My High School music teacher put it well when he said that there are no boxes - no isolated islands of knowledge, that all knowledge is interdependent and feeds off each other.

Campus Dweller
22-11-2007, 08:57 AM
I remember reading somewhere that NASA has thousands of old magnetic tapes of data from early space probes that were never analysed.

xelasnave
22-11-2007, 09:13 AM
Will I noticed some time ago that there is so much data coming in and yet it seems that working out what it is saying is left to chance that it will be pulled out and looked at...an impression only.

The net is the really big hope as with the net information can flow so much faster yet to form an overview seems to be getting more difficult... I read a fair bit and what staggers me is the complexity with any filed.. just looking at the various forms of math had me just reading the headings for night after night without even getting a glimpse of what each category could provide..no doubt there are people who can manage more information than me yet the same problem must present to then at some stage...

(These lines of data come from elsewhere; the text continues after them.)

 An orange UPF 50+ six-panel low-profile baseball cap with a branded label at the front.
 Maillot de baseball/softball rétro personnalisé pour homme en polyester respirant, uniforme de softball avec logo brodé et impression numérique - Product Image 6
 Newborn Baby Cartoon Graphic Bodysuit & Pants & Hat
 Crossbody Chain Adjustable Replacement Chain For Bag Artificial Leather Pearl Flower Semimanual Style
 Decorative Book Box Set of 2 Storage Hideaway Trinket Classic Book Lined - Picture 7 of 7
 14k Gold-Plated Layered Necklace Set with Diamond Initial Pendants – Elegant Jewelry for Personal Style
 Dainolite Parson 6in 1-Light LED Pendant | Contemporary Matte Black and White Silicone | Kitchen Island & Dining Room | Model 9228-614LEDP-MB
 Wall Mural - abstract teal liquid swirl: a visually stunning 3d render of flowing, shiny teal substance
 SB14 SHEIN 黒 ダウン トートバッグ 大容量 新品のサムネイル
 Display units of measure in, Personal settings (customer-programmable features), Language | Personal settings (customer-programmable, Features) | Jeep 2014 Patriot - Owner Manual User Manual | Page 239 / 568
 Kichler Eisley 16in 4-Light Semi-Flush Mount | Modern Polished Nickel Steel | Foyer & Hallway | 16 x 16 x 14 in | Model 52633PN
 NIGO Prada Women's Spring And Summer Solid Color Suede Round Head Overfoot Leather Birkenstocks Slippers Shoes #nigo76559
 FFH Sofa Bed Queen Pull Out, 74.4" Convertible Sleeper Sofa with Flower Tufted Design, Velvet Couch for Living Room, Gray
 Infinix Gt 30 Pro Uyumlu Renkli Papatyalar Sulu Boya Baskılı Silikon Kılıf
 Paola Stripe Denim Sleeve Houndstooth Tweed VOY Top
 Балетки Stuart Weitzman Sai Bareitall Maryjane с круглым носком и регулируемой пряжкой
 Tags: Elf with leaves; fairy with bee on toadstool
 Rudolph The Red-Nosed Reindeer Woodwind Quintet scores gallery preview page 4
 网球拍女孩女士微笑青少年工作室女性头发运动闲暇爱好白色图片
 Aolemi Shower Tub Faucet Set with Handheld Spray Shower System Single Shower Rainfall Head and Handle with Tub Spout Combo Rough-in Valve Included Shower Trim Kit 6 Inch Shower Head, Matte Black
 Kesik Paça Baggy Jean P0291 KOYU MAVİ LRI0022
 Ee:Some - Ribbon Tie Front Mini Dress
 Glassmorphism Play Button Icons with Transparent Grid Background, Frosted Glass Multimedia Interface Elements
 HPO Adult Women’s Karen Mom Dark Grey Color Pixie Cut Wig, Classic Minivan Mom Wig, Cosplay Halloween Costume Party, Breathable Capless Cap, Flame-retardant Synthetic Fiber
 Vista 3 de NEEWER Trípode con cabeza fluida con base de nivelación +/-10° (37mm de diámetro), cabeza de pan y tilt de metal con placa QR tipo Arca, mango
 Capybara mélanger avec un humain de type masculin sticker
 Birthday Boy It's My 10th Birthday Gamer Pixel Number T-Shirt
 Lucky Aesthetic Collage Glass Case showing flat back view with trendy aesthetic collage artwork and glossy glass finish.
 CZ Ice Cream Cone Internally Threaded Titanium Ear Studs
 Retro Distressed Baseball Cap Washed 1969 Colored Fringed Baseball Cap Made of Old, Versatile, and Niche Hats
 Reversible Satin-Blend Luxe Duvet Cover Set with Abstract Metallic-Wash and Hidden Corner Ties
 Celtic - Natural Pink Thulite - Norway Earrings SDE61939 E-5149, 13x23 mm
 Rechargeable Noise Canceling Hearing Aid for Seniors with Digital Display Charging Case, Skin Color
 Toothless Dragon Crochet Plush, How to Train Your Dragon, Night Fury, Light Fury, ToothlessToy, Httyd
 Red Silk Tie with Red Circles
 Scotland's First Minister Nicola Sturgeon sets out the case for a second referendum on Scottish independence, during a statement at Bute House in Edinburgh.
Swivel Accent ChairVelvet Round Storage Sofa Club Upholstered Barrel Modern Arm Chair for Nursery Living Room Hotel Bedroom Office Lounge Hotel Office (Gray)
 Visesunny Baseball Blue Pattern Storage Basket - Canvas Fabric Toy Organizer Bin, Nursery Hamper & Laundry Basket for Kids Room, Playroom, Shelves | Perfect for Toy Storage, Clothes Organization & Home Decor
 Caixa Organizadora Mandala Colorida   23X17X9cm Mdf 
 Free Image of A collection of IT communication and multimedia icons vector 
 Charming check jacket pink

I agree with your music teachers observation yet knowing such does not take us further it seems as to make sense of the incoming data one needs someone to specialise in a limited field... they then think they know it all..which maybe in respect of the speciality they do but linking all the knowledge in an over view seems to me close to impossible... each specialist needs to be able to condense their research of many years into a short simple statement so it can flow with other simple statements...not easy..humans like to sound as if they know all about what they specialise in and therefore making a simple statement is not that simple. How can you ask someone who has spent years on a subject to ..put it in a sentence that sums it up correctly and without qualification of the finner points. State you life in a sentence of no more than 30 words... not easy.

On the bright side at least we are getting data accumulations and with the net so much of it is accessible for all to think about what it may be telling us.. but how to get overviews is the problem I think will be more difficult than gaining data. How to link the data without the boxes and make it all fit one larger picture I wonder.

alex

Kal
22-11-2007, 10:52 AM
The only way to deal with that amount of data would be real time analysis, discarding the majority of it and archiving the relevent, or archiving the results of the real time analysis.

It is a massive amount of data, if you used 10Gb fibre channel you would still need 30 or more cards just to handle that raw throughput!

higginsdj
22-11-2007, 01:20 PM
The trouble is that the data has other uses other than the immediate - ie I take images to do Minor Planet Photometry - how many variable stars for transient (new MP's/Comets) might there be in those images? I have kept all my images (well except that small bunch I accidentally lost when I archived it) and will one day write some code to auto catalogue and display it (like DSS).

Cheers

Gargoyle_Steve
26-11-2007, 04:32 AM
Seems like another project crying out for the SETI-at-HOME (http://setiathome.berkeley.edu/)approach.

"What is SETI@home?
SETI@home is a scientific experiment that uses Internet-connected computers in the Search for Extraterrestrial Intelligence (SETI). You can participate by running a free program that downloads and analyzes radio telescope data. "

(from Wikipedia)
"With over 5.2 million participants worldwide, the project is the distributed computing project with the most participants to date. Since its launch on May 17, 1999, the project has logged over two million years of aggregate computing time. On September 26, 2001, SETI@home had performed a total of 1021 floating point operations. It is acknowledged by the Guinness World Records as the largest computation in history (Newport 2005). With over 1.6 million computers in the system, as of October 16, 2007, SETI@home has the ability to compute over 274 TeraFLOPS (http://en.wikipedia.org/wiki/TeraFLOPS) "